### DATA SUPPLIED
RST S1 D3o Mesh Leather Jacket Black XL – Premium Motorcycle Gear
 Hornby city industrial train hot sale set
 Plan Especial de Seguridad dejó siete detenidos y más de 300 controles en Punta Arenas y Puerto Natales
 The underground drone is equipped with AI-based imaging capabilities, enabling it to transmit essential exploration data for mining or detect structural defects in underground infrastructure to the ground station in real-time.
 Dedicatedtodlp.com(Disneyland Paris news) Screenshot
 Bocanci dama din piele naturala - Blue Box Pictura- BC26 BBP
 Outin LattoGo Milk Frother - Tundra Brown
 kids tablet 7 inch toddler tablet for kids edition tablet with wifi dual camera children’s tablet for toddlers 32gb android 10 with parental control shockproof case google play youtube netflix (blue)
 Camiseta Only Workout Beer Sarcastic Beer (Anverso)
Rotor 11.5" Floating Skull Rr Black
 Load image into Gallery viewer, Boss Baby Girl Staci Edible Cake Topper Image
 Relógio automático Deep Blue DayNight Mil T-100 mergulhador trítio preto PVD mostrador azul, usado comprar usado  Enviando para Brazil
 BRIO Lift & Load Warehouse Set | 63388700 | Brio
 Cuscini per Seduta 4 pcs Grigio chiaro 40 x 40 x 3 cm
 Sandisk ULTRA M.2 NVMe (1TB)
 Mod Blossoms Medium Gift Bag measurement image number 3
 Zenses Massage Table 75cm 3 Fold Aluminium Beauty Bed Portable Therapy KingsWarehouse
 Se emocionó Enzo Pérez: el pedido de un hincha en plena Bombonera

### TASK INSTRUCTIONS
Transcribe every line of the records exactly, please.

### EXERCISE RESULT
RST S1 D3o Mesh Leather Jacket Black XL – Premium Motorcycle Gear
 Hornby city industrial train hot sale set
 Plan Especial de Seguridad dejó siete detenidos y más de 300 controles en Punta Arenas y Puerto Natales
 The underground drone is equipped with AI-based imaging capabilities, enabling it to transmit essential exploration data for mining or detect structural defects in underground infrastructure to the ground station in real-time.
 Dedicatedtodlp.com(Disneyland Paris news) Screenshot
 Bocanci dama din piele naturala - Blue Box Pictura- BC26 BBP
 Outin LattoGo Milk Frother - Tundra Brown
 kids tablet 7 inch toddler tablet for kids edition tablet with wifi dual camera children’s tablet for toddlers 32gb android 10 with parental control shockproof case google play youtube netflix (blue)
 Camiseta Only Workout Beer Sarcastic Beer (Anverso)
Rotor 11.5" Floating Skull Rr Black
 Load image into Gallery viewer, Boss Baby Girl Staci Edible Cake Topper Image
 Relógio automático Deep Blue DayNight Mil T-100 mergulhador trítio preto PVD mostrador azul, usado comprar usado  Enviando para Brazil
 BRIO Lift & Load Warehouse Set | 63388700 | Brio
 Cuscini per Seduta 4 pcs Grigio chiaro 40 x 40 x 3 cm
 Sandisk ULTRA M.2 NVMe (1TB)
 Mod Blossoms Medium Gift Bag measurement image number 3
 Zenses Massage Table 75cm 3 Fold Aluminium Beauty Bed Portable Therapy KingsWarehouse
 Se emocionó Enzo Pérez: el pedido de un hincha en plena Bombonera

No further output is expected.